▶

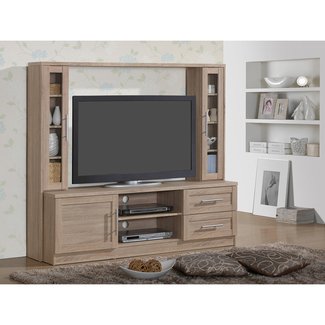 Techni Mobili Entertainment Center with Storage - Sand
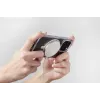Cellularline Spin Mag - iPhone 16 Case with rotatable ring holder, compatible with Magsafe ecosystem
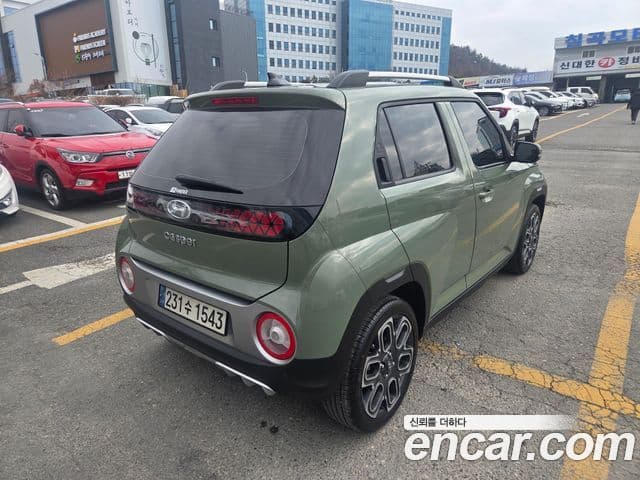 Hyundai Casper Inspiration, 2022 все фото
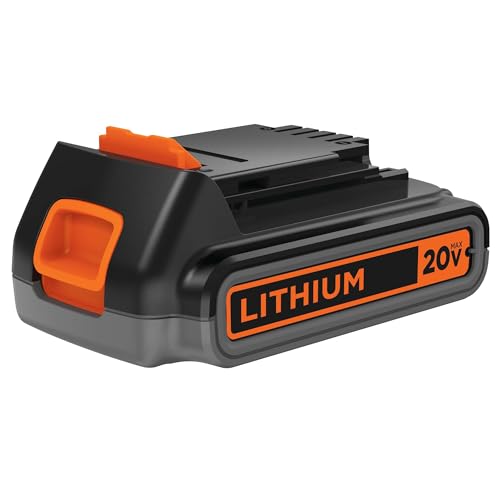 20V MAX Lithium Battery for Cordless Power Tools - 2.0Ah Powerconnect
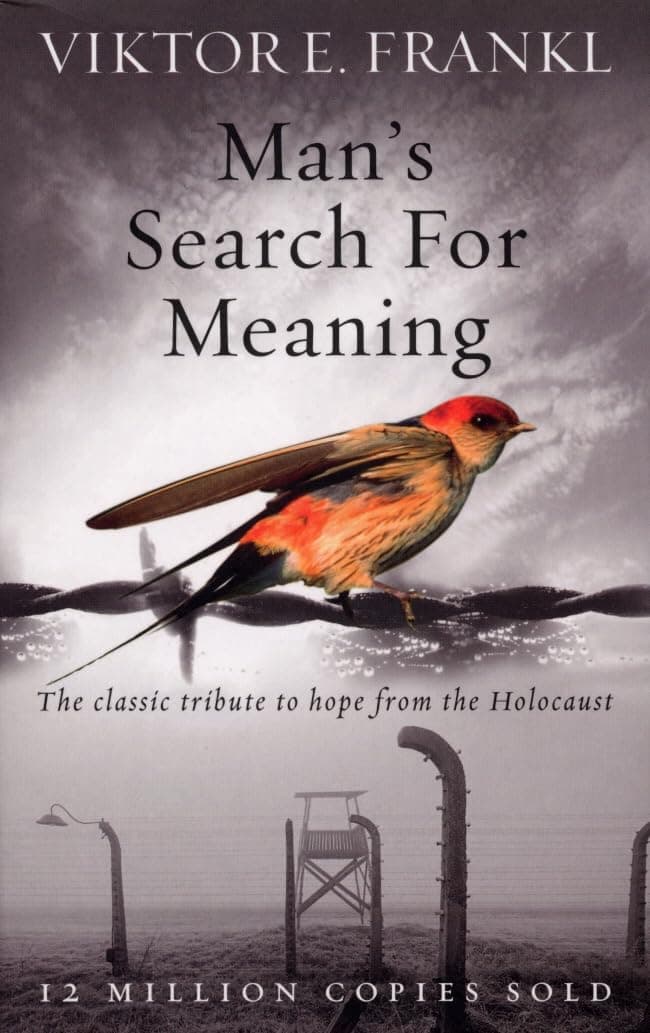 Rider Man's Search For Meaning: The Classic Tribute To Hope From The Holocaust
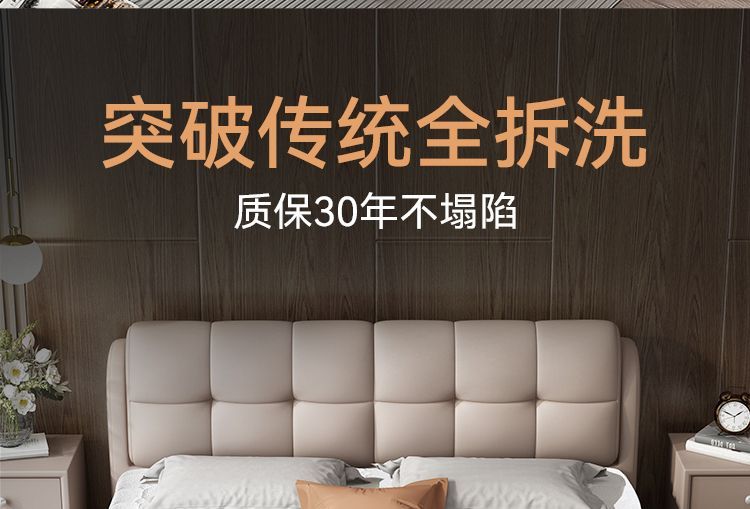 全拆式捲包壓縮牀墊3D透氣彈簧網天然乳膠椰棕席夢思家用牀墊包郵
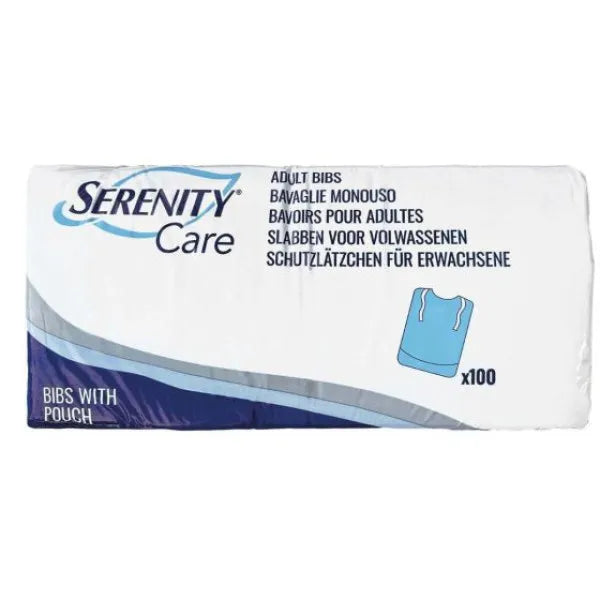Serenity Care Pouch Bib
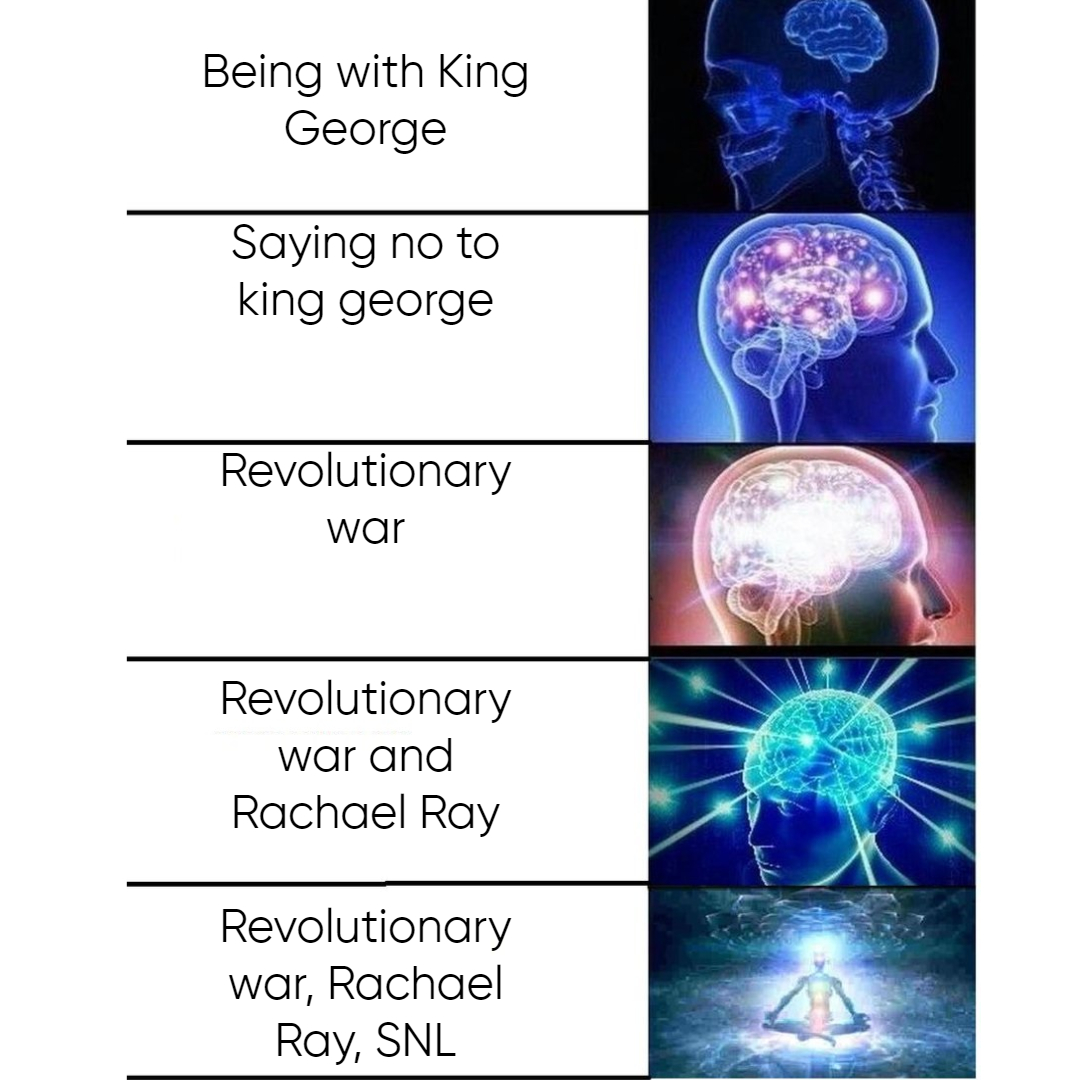 FoundingFatherT's tweet photo. I'm #FindingMyLight without Great Britain. King George can kiss my founding father badonkadonk https://t.co/dLHLvifQN6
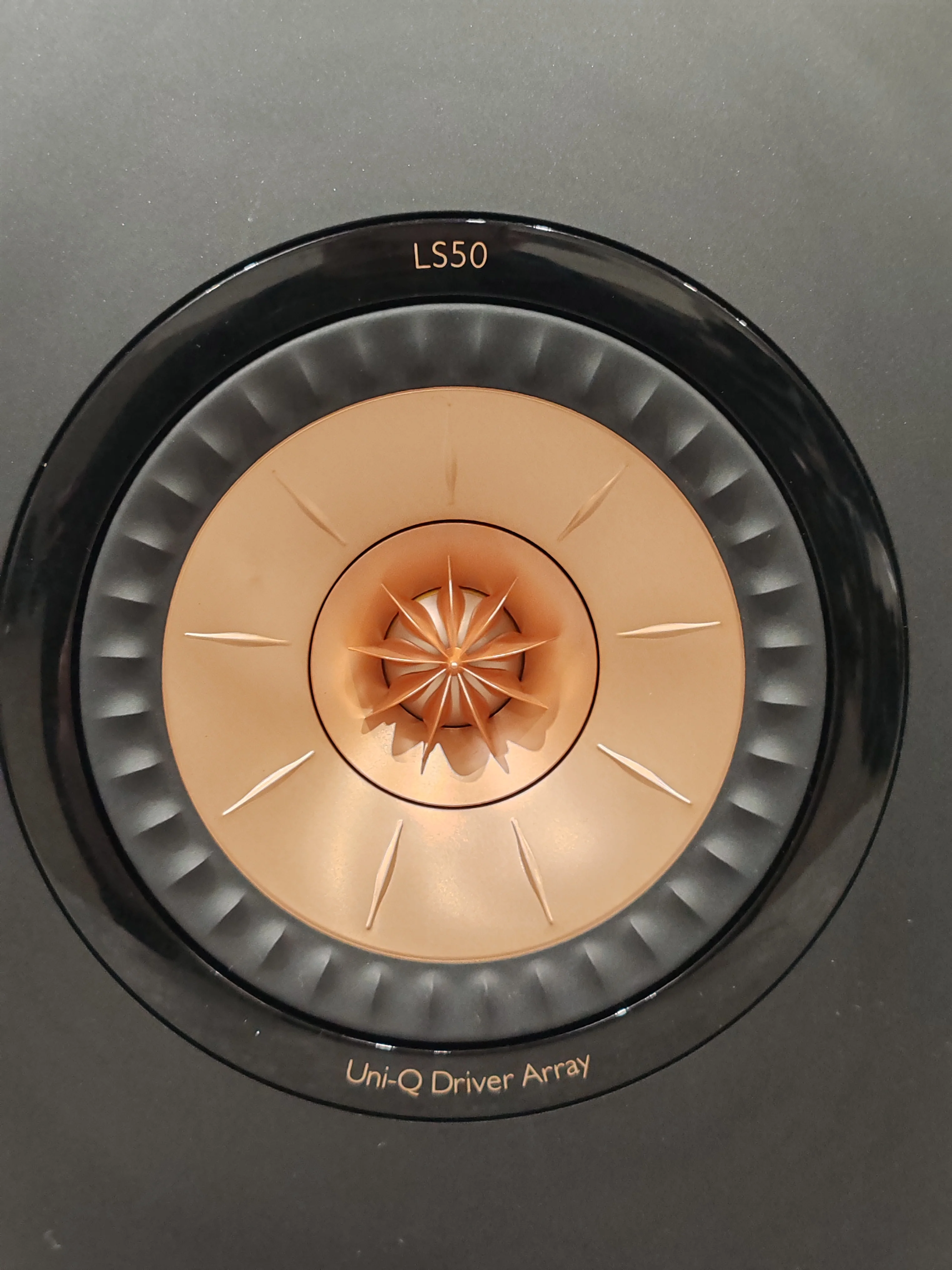 Pair of KEF LS50 Speakers - Uni-Q Driver Array - Open Box New - Image 4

◀

Write out again only the lines from the line that contains "Rider Man's Search" through the last line of the records, both ends included, without any of the pictures.

THE COMPLETED TASK
 Rider Man's Search For Meaning: The Classic Tribute To Hope From The Holocaust
 全拆式捲包壓縮牀墊3D透氣彈簧網天然乳膠椰棕席夢思家用牀墊包郵
Serenity Care Pouch Bib
 FoundingFatherT's tweet photo. I'm #FindingMyLight without Great Britain. King George can kiss my founding father badonkadonk https://t.co/dLHLvifQN6
 Pair of KEF LS50 Speakers - Uni-Q Driver Array - Open Box New - Image 4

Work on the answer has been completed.